Es gibt keine Worte mehr.
Also es gibt sie noch, aber sie bedeuten nichts mehr.
Jedenfalls nicht das, was sie sollen.
Was ich will, dass sie bedeuten.
Was ihr wollt, dass sie bedeuten.
Ich schaue auf die WhatsApp-Nachricht einer Person, der ich vor Jahren noch sehr nahe war. Ob wir uns treffen wollen. Bisschen im Park spazieren gehen. Seit einer Woche schaue ich schon auf das Display und kann und will nicht antworten. Es gibt nichts zu sagen. Und ich will auch nichts mehr hören. Warum zuhören, wenn es nur Worte sind? Einem Schlag ins Gesicht würde ich zuhören. Hab meine Zähne in den letzten Jahren so verkackt, ich brauche eh neue. Bitte schlagt mich! Herr, schlag nur einmal zu, so wird meine Seele gesund.

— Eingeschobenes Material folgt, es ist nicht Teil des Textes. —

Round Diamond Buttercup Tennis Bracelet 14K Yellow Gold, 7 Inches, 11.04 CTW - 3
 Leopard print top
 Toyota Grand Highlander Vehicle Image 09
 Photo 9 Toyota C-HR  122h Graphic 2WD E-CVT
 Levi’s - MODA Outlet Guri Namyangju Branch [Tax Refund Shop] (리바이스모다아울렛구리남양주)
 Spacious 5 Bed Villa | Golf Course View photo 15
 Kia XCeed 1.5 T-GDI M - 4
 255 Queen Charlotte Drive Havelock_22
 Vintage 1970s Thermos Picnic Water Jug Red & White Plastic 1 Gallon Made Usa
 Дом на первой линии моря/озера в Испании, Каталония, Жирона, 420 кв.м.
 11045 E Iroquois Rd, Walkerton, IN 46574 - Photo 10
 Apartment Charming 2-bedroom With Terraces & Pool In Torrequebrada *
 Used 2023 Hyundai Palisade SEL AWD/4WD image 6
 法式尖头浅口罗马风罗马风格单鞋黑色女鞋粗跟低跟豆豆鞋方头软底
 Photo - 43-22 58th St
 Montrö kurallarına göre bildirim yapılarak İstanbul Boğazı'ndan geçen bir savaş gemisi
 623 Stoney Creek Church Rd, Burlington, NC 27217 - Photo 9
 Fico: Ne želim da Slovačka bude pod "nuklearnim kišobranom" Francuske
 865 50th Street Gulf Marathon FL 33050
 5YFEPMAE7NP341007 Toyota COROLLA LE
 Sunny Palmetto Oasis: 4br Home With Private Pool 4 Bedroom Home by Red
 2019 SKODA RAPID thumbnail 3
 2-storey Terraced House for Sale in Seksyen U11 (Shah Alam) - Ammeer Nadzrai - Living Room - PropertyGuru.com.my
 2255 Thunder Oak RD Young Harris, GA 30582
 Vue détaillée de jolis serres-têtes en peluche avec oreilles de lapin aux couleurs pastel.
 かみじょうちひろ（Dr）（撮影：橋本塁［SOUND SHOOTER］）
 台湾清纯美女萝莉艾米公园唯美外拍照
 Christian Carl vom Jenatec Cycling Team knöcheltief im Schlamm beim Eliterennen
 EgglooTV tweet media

Meinung. Sorge. Satire. Demokratie.
Medien. Moral. Respekt. Clement.
Wolfgang Clement ist heute gestorben, es regnet viele Worte. Es macht sich der Himmel auf und eine Armada von Robotern schmeißt sie auf die Leute nieder, welche die Mikrofone von Talkshowtischen nehmen wollen, um sie denjenigen zu geben, die in den Jugendstrafanstalten sitzen. Und dann werden sie schreien und jemand wird daraus ein TikTok-Video machen. #ratatata! Oh Judith, bitte gib mir nur ein Wort, mein Schweigen ist mein Zelt.
Drei kleine Katzen spielen vor meinen Füßen. Zwei von ihnen haben sich schon den Schnupfen eingefangen, der ihre Augen und Nasen immer mehr verkleben wird, bis sie keinen Bissen mehr herunterbekommen werden. Dann komme ich in zwei oder vier oder zwanzig Wochen wieder (Polen wird bestimmt auch noch zum Corona-Risikogebiet erklärt werden, yes, jetzt hab ich das Thema doch noch eingebaut, obwohl ich das gar nicht wollte), finde sie unter der Fetten Henne, grab ein Loch und leg sie hinein. Wie so ein Totengräber in der Lombardei oder in New York. Kein Gebet, kein Wort.
Zusammenhalt. Spaltung.
Leben. Tod.
Meine Gedanken bestehen nur noch aus Versatzstücken. (Die Gefühle auch.) Aus Worten, die andere gesagt haben, die wieder andere gesagt haben, weil es andere so schön gesagt haben. Aus Filmszenen, Songtexten, Memes. Nur noch Ekel, das als irgendetwas Eigenes verkaufen zu wollen. Ob Wittgenstein sich bewusst darüber war, in welche Isolation er die Menschen mit seinem Privatsprachenargument schicken würde? Natürlich kann man das alles neu anordnen, verknüpfen und kombinieren und es scheint dann fast so, als würde tatsächlich das Eigene leuchten, aber auch das werden bald Algorithmen übernehmen: schneller, besser, gewitzter. Das Leben als ständiger, umgekehrter Turing-Test.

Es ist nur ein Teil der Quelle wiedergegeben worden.